Murder Weapon of Leadership

How many emails do you get in one day?  How many minutes do you spend reading each email?  How many emails do you write each day?  How long do you spend writing them?

Let’s do some simple math.  If you read and write about 100 emails each day and spend an average of three minutes on each one you have just used 5 hours of your work day sitting in front of a computer screen and not really accomplishing anything.  At best, you have delegated work and maybe put out a few fires.

Email is killing leadership by keeping leaders from interacting with and inspiring people.  It is hard to show enthusiasm in an email and the message can be lost.  If we want to delegate work, we should take the time to show others how important it is and make sure they understand the need for the work.  This is best done with interaction and two-way conversation.

Emails disconnect us from the real world and the problems that our people are facing on a daily basis.  How can we be expected to connect with others in a meaningful way?  We all take classes on how to be a better communicator and email is one of the worst ways to communicate, yet we default to this tool regularly.
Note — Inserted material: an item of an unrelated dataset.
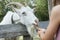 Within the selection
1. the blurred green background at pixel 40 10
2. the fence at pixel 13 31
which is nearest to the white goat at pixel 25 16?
the fence at pixel 13 31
You can’t lead from your chair!

Get out.  See the world.  Visit with your neighbors.  Show support.  Ask stupid questions.  Shake hands.  These are little things that create lasting impressions.  It is better to interact personally whenever you can.  Take the time to do it.

But how can you stop the barrage of emails that hit your screen every day?  Here are a few tips:

  1. Dedicate a certain amount of time to emails every day and stick to it.  If you start with taking a 1-hour block of time in the morning and another in the evening you will be able to answer emails effectively.
  2. Let people know they should come and talk to you if the topic is critical.  If it is important enough they will do that anyway.  A phone call is preferable to an email.
  3. Respond to emails asking that others anticipate no better than a 24-hour (12-hour, 8-hour, whatever works) response time.  You can use an auto-respond function like you do for vacations, thanking people for their email and letting them know they can expect a response in 24-hours.
  4. Expect the same from others.  Don’t expect immediate replies to your emails.  Use personal communication whenever you can and use emails as only an informative tool.
  5. Lose the CYA attitude!  Come on…we are all adults here and no one is going to lose their job because they didn’t send an email!  Work on building trust, not protecting your rear.

What are some other tips to manage emails you have found useful?

What other murder weapons of leadership are in your life?